● **The problem**: When you reach the line in the data below that contains "Scott Nosworthy", please start repeating lines exactly, and stop after the line that contains "BOSCH Plateau de", repeating nothing else.

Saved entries
◆ ◆ ◆ ◆ ◆ ◆ ◆

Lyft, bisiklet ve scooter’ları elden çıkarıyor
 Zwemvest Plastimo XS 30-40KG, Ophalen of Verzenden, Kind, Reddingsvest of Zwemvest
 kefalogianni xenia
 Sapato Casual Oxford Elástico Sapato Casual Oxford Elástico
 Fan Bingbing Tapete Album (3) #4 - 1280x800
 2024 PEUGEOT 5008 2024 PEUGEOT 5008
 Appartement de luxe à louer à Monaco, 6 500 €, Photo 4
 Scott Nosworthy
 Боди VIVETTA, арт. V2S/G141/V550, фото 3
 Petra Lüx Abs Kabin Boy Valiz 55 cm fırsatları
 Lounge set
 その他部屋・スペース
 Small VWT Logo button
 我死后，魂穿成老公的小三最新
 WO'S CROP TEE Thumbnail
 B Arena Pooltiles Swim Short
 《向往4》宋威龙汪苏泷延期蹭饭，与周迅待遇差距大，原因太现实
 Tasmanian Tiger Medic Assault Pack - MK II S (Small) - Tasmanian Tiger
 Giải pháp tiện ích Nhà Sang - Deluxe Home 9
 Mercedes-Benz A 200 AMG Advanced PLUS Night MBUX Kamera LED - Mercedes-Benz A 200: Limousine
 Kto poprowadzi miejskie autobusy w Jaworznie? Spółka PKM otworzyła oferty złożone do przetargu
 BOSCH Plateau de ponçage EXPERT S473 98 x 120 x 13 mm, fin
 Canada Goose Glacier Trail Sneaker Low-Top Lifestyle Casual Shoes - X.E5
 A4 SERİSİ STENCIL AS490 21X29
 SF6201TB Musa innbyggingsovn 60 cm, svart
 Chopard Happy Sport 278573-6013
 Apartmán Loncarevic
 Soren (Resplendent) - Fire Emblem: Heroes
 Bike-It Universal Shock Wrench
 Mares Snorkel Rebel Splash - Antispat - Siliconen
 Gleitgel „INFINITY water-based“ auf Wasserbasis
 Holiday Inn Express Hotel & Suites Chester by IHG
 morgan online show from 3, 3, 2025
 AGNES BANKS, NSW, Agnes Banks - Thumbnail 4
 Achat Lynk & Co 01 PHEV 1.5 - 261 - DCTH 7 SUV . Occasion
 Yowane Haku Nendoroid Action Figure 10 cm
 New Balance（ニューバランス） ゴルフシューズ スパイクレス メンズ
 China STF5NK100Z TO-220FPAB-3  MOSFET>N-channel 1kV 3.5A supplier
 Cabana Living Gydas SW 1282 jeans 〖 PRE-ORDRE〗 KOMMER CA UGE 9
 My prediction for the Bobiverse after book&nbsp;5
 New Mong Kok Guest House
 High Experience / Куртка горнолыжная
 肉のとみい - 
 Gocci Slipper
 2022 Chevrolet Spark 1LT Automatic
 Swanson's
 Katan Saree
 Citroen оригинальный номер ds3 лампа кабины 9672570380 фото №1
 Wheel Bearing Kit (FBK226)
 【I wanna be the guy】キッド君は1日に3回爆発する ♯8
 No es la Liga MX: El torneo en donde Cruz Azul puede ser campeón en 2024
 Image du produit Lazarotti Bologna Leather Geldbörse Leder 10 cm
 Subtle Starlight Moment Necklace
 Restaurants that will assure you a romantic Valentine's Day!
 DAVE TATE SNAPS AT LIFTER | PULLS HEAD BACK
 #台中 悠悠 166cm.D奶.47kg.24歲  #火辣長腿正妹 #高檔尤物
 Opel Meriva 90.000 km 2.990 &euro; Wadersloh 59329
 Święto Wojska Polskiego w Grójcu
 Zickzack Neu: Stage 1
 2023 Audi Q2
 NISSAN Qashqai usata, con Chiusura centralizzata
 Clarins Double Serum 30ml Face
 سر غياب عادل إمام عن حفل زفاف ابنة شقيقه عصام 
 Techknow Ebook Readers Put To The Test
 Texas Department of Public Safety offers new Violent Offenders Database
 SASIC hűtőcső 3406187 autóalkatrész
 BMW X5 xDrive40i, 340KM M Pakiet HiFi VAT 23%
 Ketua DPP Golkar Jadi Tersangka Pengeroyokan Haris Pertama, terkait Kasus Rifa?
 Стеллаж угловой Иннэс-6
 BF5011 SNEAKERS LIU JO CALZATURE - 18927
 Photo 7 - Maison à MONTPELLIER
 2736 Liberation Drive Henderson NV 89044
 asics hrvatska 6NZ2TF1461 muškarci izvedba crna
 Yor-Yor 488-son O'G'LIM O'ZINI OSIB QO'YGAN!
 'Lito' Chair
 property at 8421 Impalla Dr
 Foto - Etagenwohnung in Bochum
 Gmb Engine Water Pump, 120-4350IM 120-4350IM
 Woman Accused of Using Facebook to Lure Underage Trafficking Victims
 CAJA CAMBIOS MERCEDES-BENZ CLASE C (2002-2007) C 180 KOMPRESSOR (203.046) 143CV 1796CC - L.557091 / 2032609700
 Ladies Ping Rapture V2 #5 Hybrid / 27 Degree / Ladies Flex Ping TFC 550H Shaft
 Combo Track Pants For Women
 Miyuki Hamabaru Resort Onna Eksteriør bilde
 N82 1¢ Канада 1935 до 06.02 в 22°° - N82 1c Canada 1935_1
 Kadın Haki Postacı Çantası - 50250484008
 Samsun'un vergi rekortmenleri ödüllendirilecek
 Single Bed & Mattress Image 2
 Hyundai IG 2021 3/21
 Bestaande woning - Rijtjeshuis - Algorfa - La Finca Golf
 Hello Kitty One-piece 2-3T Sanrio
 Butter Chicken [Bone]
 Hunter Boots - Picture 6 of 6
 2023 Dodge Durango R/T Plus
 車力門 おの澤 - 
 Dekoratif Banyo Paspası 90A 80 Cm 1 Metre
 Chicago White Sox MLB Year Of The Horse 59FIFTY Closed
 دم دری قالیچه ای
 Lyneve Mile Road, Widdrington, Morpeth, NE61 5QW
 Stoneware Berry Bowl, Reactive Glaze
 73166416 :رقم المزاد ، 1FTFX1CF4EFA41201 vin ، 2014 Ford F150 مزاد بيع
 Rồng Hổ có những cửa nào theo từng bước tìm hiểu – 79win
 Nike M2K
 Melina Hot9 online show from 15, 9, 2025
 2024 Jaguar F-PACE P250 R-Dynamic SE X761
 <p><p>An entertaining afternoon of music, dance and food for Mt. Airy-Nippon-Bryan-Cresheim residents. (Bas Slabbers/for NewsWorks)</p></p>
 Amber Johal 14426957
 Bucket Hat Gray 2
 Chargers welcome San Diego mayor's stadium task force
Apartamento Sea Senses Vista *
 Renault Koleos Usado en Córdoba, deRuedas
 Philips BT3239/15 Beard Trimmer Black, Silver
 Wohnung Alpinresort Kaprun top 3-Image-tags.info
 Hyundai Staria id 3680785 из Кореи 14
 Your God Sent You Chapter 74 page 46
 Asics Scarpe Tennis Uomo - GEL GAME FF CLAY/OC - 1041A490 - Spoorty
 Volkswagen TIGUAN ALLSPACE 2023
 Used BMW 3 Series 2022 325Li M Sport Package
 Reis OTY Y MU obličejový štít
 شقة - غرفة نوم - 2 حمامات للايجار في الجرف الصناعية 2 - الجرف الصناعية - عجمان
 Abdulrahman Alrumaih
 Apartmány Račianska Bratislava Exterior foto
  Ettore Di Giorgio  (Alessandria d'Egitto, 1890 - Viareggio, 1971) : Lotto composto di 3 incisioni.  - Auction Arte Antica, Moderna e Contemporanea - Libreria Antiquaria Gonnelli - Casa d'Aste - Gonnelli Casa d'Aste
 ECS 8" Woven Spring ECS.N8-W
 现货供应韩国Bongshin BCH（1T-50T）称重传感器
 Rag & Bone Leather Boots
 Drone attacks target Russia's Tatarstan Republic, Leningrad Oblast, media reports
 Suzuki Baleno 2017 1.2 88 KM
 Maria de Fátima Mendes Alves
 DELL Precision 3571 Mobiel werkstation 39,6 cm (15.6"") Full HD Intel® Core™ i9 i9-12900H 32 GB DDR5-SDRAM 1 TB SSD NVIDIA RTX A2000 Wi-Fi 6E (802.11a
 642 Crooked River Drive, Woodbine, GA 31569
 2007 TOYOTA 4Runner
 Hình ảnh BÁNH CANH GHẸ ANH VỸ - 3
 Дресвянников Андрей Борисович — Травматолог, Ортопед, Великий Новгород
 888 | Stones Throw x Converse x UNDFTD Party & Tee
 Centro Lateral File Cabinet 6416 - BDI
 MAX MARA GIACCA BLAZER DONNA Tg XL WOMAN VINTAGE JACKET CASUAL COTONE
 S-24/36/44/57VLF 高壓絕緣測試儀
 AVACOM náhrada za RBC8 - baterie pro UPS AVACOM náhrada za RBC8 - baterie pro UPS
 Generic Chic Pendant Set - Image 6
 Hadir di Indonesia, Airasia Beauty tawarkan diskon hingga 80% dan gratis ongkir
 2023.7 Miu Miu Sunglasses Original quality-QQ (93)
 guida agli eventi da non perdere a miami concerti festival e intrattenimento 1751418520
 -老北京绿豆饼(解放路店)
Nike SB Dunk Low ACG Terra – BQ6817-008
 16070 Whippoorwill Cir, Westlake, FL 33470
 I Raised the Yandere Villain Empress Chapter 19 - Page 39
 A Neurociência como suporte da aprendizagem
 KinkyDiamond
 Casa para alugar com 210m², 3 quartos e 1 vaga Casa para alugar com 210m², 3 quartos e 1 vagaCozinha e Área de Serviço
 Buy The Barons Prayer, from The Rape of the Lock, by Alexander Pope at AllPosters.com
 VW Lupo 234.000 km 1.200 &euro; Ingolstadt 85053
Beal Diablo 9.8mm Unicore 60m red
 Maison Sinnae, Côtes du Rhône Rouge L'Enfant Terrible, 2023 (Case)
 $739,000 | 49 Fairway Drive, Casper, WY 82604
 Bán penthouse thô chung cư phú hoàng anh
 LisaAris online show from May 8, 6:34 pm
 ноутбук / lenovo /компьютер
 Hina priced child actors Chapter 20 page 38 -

◆ ◆ ◆ ◆ ◆ ◆ ◆

● **Your response**:
 Scott Nosworthy
 Боди VIVETTA, арт. V2S/G141/V550, фото 3
 Petra Lüx Abs Kabin Boy Valiz 55 cm fırsatları
 Lounge set
 その他部屋・スペース
 Small VWT Logo button
 我死后，魂穿成老公的小三最新
 WO'S CROP TEE Thumbnail
 B Arena Pooltiles Swim Short
 《向往4》宋威龙汪苏泷延期蹭饭，与周迅待遇差距大，原因太现实
 Tasmanian Tiger Medic Assault Pack - MK II S (Small) - Tasmanian Tiger
 Giải pháp tiện ích Nhà Sang - Deluxe Home 9
 Mercedes-Benz A 200 AMG Advanced PLUS Night MBUX Kamera LED - Mercedes-Benz A 200: Limousine
 Kto poprowadzi miejskie autobusy w Jaworznie? Spółka PKM otworzyła oferty złożone do przetargu
 BOSCH Plateau de ponçage EXPERT S473 98 x 120 x 13 mm, fin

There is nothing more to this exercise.